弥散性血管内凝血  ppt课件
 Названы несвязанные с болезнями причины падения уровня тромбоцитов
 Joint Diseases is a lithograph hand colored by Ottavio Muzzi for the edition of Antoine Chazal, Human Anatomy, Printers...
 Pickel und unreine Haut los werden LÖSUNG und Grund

- _ACTION ITEM_
Retype the whole listing above exactly.

- _WRITTEN RESPONSE_
弥散性血管内凝血  ppt课件
 Названы несвязанные с болезнями причины падения уровня тромбоцитов
 Joint Diseases is a lithograph hand colored by Ottavio Muzzi for the edition of Antoine Chazal, Human Anatomy, Printers...
 Pickel und unreine Haut los werden LÖSUNG und Grund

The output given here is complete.